Hi,
I have a hyperconverged ovirt 4.3.10 installation. One host is unresponsive.
This has happened in the past but most often resolved itself within a few
minutes. This time it is a different beast.
The host does not come back. Putting the host in maintenance is not possible
because "Host is unresponsive but has running virtual machines". Putting the
host into local maintenance on the local CLI does not help. Global maintenance
does not have any effect either. The host has been rebooted several times both
locally and via the web interface on the engine, which worked but did not
resolve the issue.
Logs:
/var/log/ovirt-engine/engine.log
2022-06-07 06:40:17,606+02 ERROR
[org.ovirt.engine.core.dal.dbbroker.auditloghandling.AuditLogDirector] (default
task-34) [26f286ba-58d0-44be-96e0-f874057fe603] EVENT_ID:
GENERIC_ERROR_MESSAGE(14,001), Cannot switch Host to Maintenance mode.
Host still has running VMs on it and is in Non Responsive state.
2022-06-07 06:40:17,606+02 WARN
[org.ovirt.engine.core.bll.MaintenanceNumberOfVdssCommand] (default task-34)
[26f286ba-58d0-44be-96e0-f874057fe603] Validation of action
'MaintenanceNumberOfVdss' failed for user admin@internal-authz. Reasons:
VAR__TYPE__HOST,VAR__ACTION__MAINTENANCE,VDS_CANNOT_MAINTENANCE_VDS_IS_NOT_RESPONDING_WITH_VMS,$HostNotResponding
ovirt3.os-s.de
2022-06-07 06:41:23,974+02 ERROR
[org.ovirt.engine.core.dal.dbbroker.auditloghandling.AuditLogDirector]

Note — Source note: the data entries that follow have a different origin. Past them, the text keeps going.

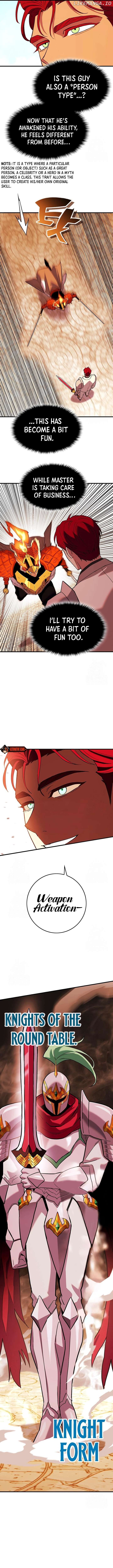 Read Hardcore Leveling Warrior EN Manga Online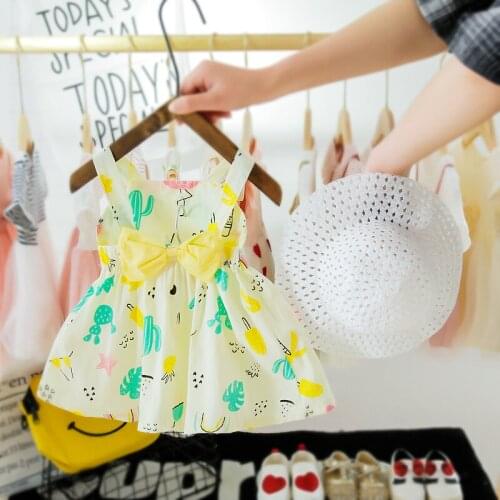 Летние платья для малышек Prowow China At AliExpress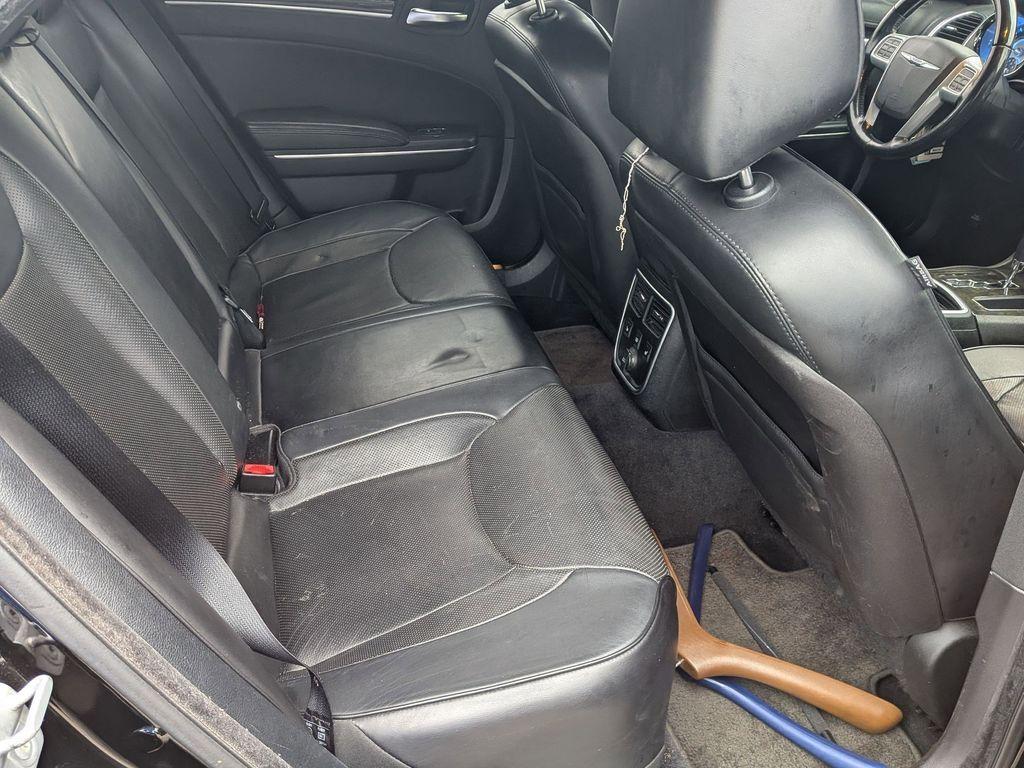 used 2013 Chrysler 300C car, priced at $10,598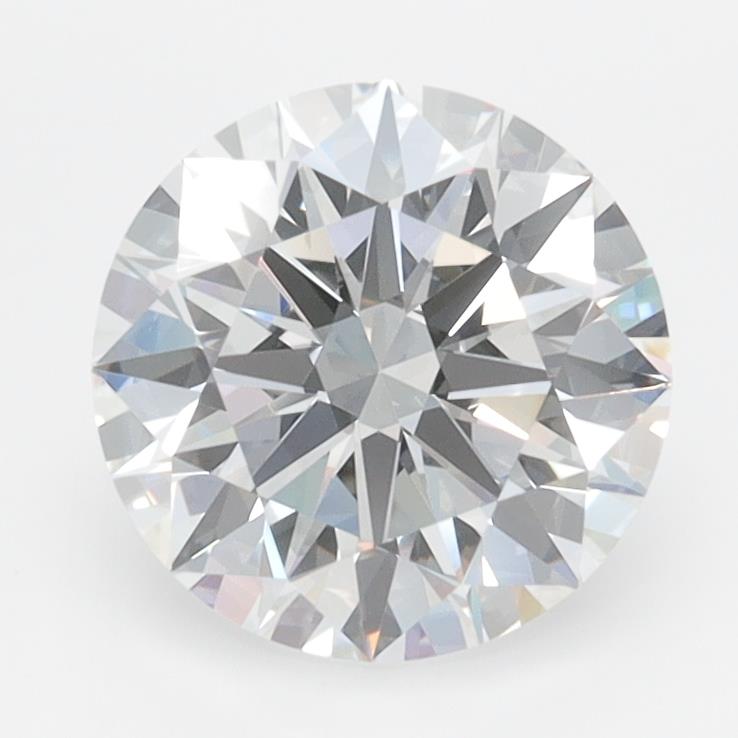 1.98ct Round D VVS1 Lab-Grown Diamond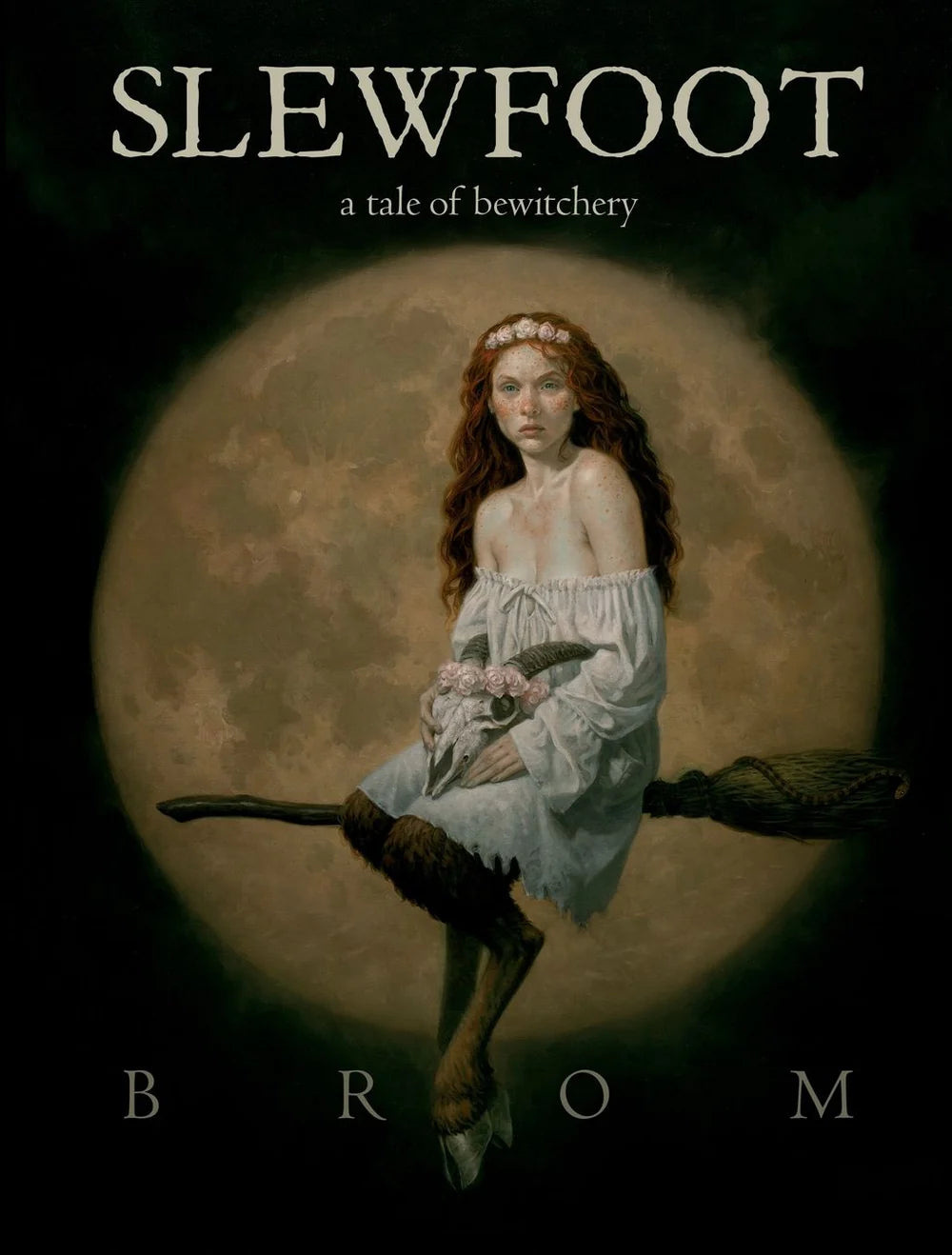 Slewfoot - Brom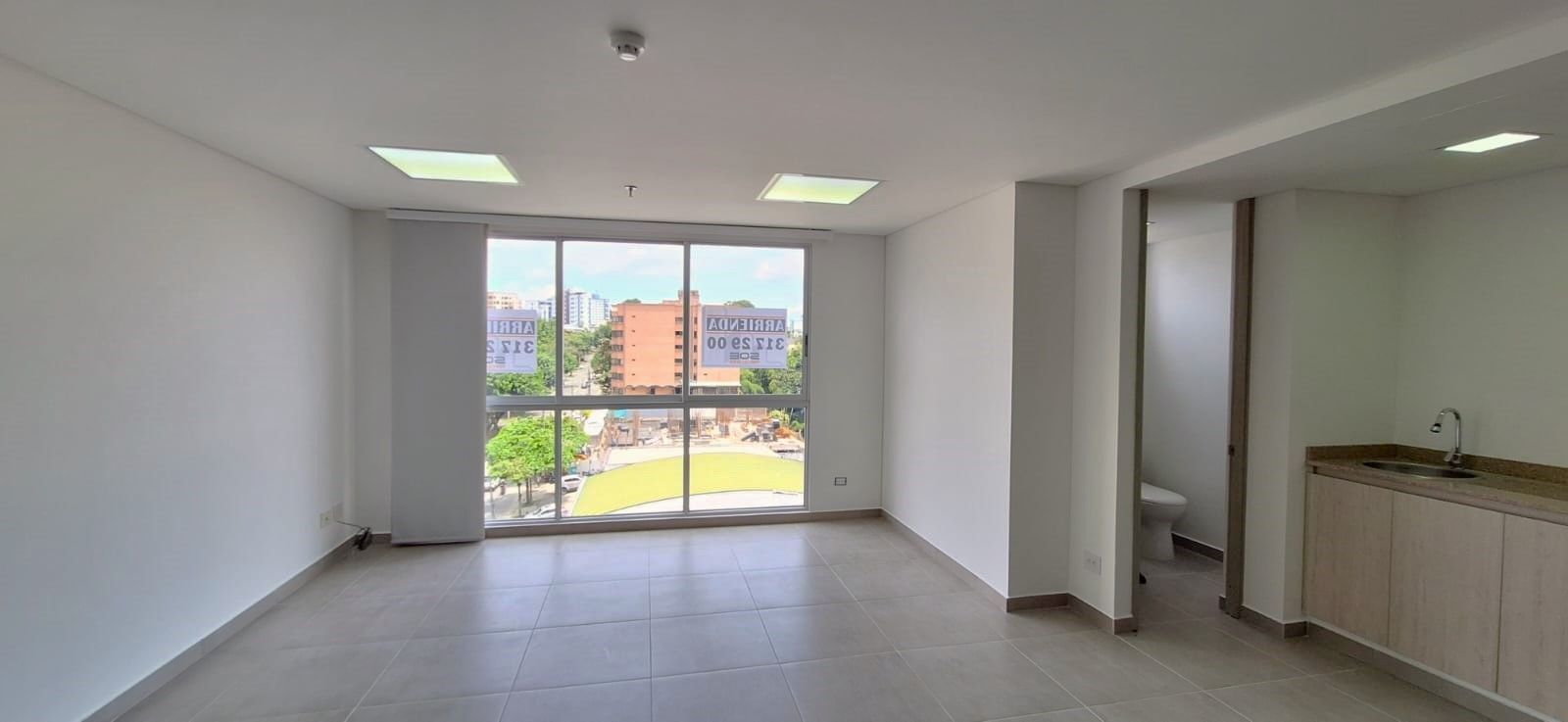 Oficina en arriendo Risaralda Pereira El Progreso 37 m2 Habitaciones 0 Baños 0 Garajes 2 Precio $1970000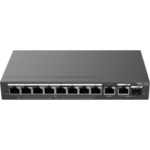 Switch Administrable Reyee RG-ES210GS-P 8 ports PoE / 1 SFP 120W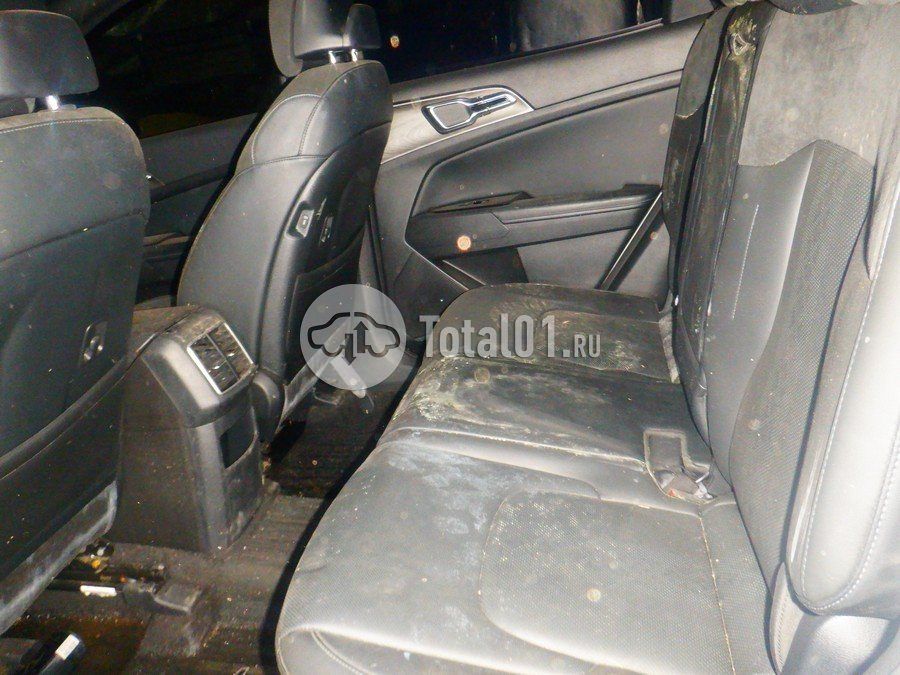 Фото KIA Sportage 82
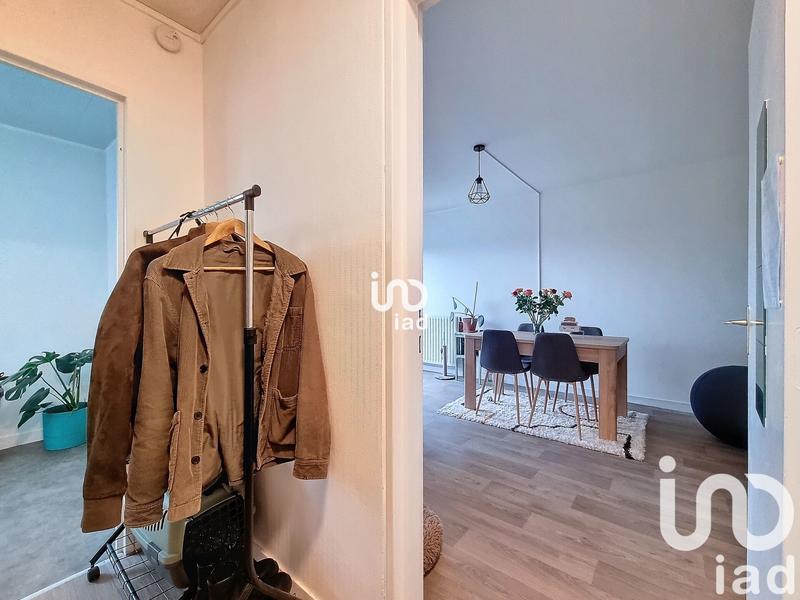 Appartement - 35 m² - 1 pièce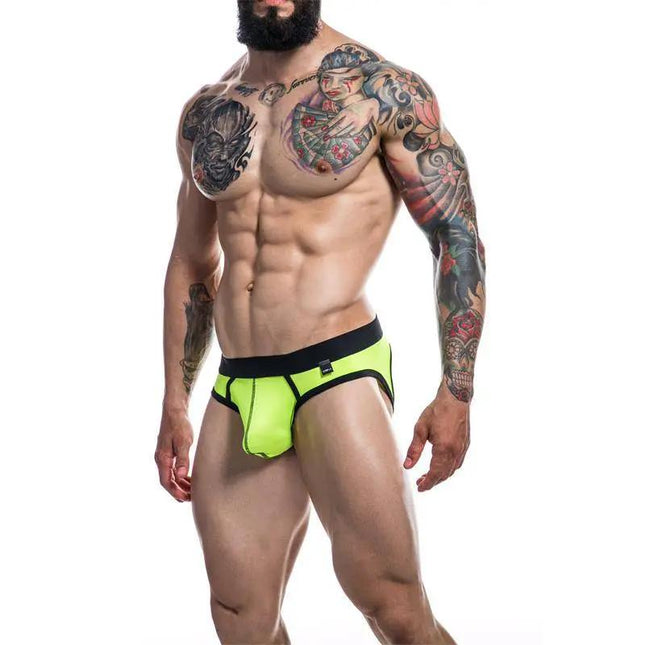 Jockair Provocative Neon Lime S
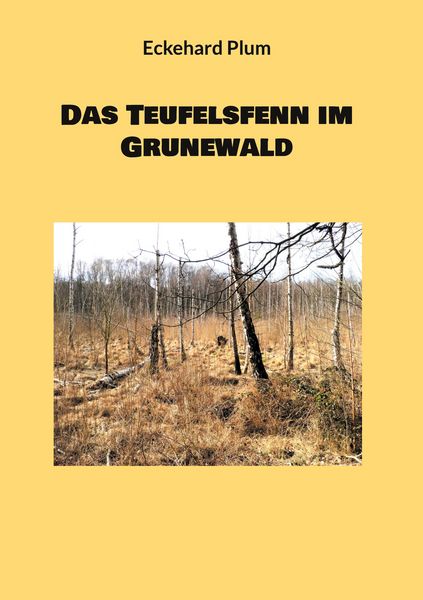 Produktbild: Das Teufelsfenn im Grunewald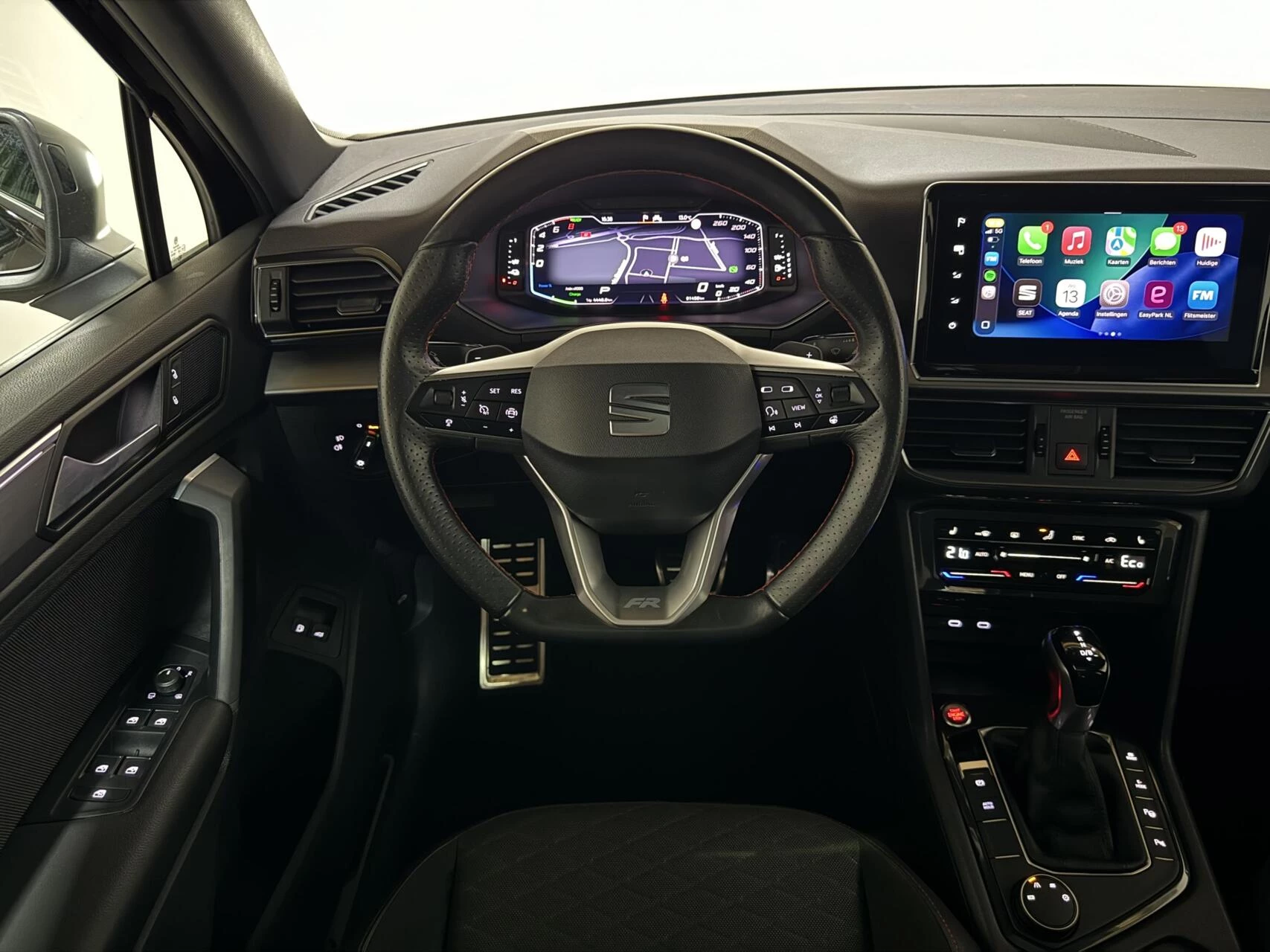 Hoofdafbeelding SEAT Tarraco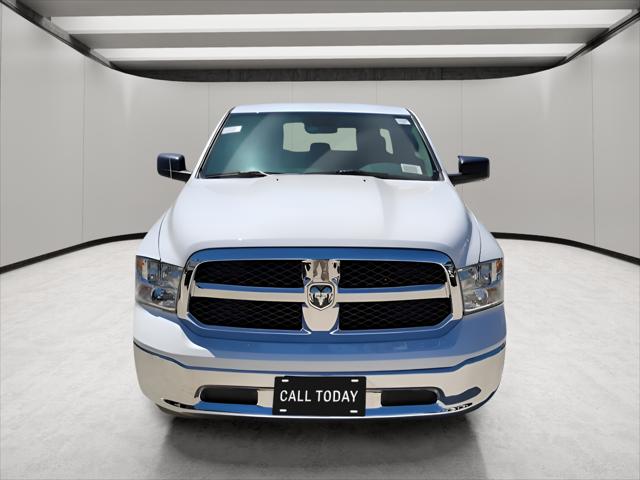 2024 RAM 1500 Classic Tradesman Quad Cab 4x2 64 Box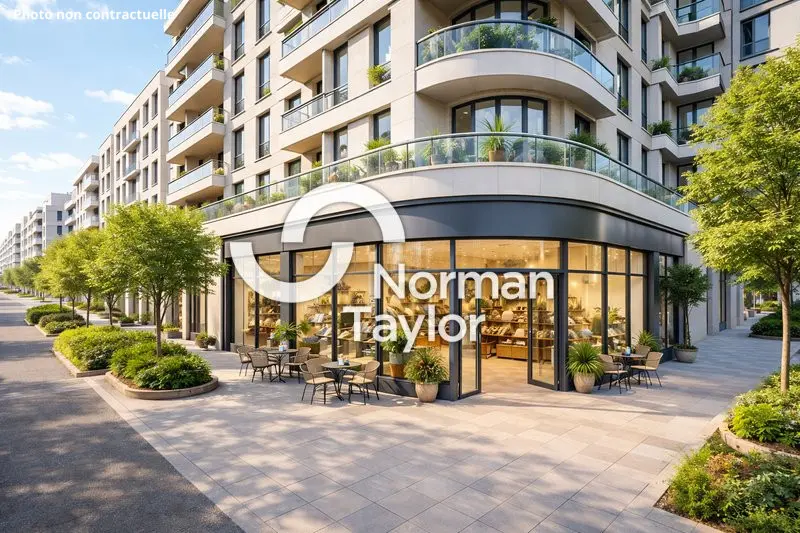 A louer Local commercial  171m² Montpellier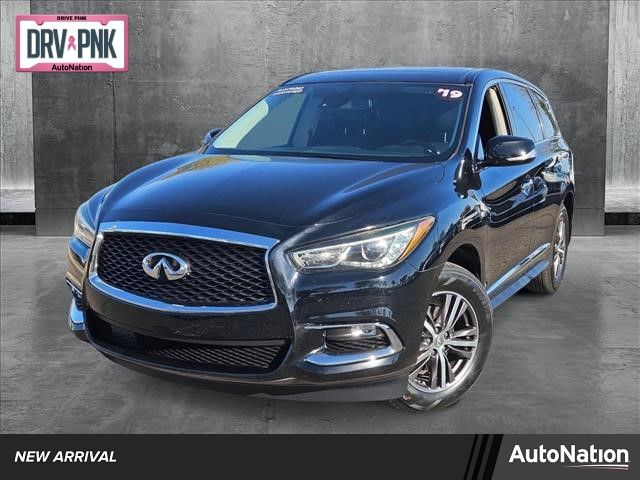 2019 INFINITI QX60 Pure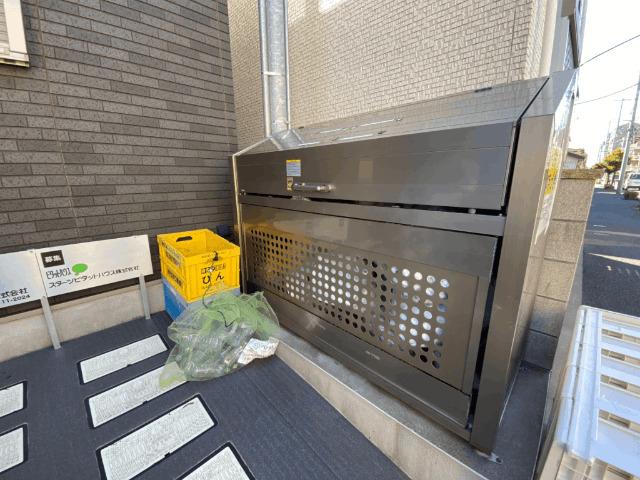クラシオン（0101） 共有部分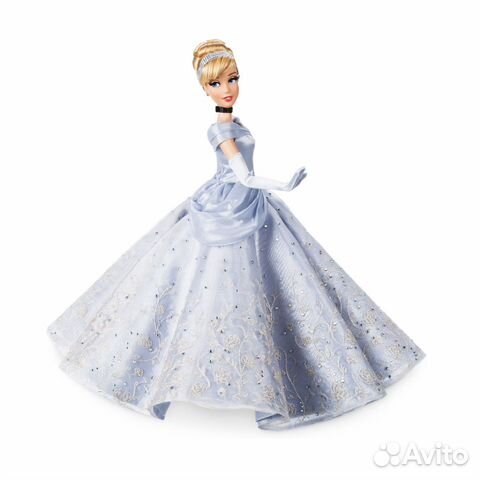 Кукла Золушка Лимитная Saks Disney 45 см Новая Кукла Золушка Лимитная Saks Disney 45 см Новая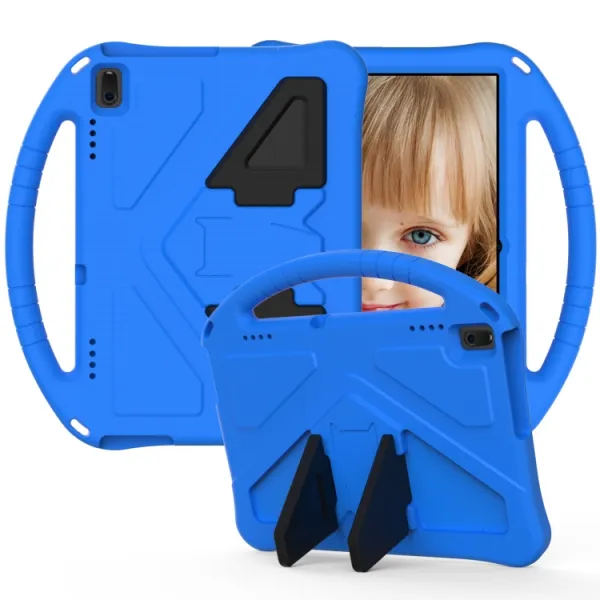 KIDDO Detský obal Lenovo Tab E10 (X104) modrý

(EE-ManagedThreadFactory-engineScheduled-Thread-33) [] EVENT_ID:
VDS_BROKER_COMMAND_FAILURE(10,802), VDSM ovirt3.os-s.de command Get Host
Capabilities failed: Message timeout which can be caused by communication issues
2022-06-07 06:41:23,974+02 ERROR
[org.ovirt.engine.core.vdsbroker.monitoring.HostMonitoring]
(EE-ManagedThreadFactory-engineScheduled-Thread-33) [] Unable to
RefreshCapabilities: VDSNetworkException: VDSGenericException:
VDSNetworkException: Message timeout which can be caused by communication issues
2022-06-07 06:44:47,033+02 ERROR
[org.ovirt.engine.core.dal.dbbroker.auditloghandling.AuditLogDirector]
(EE-ManagedThreadFactory-engineScheduled-Thread-4) [] EVENT_ID:
VDS_BROKER_COMMAND_FAILURE(10,802), VDSM ovirt3.os-s.de command Get Host
Capabilities failed: Message timeout which can be caused by communication issues
2022-06-07 06:44:47,034+02 ERROR
[org.ovirt.engine.core.vdsbroker.monitoring.HostMonitoring]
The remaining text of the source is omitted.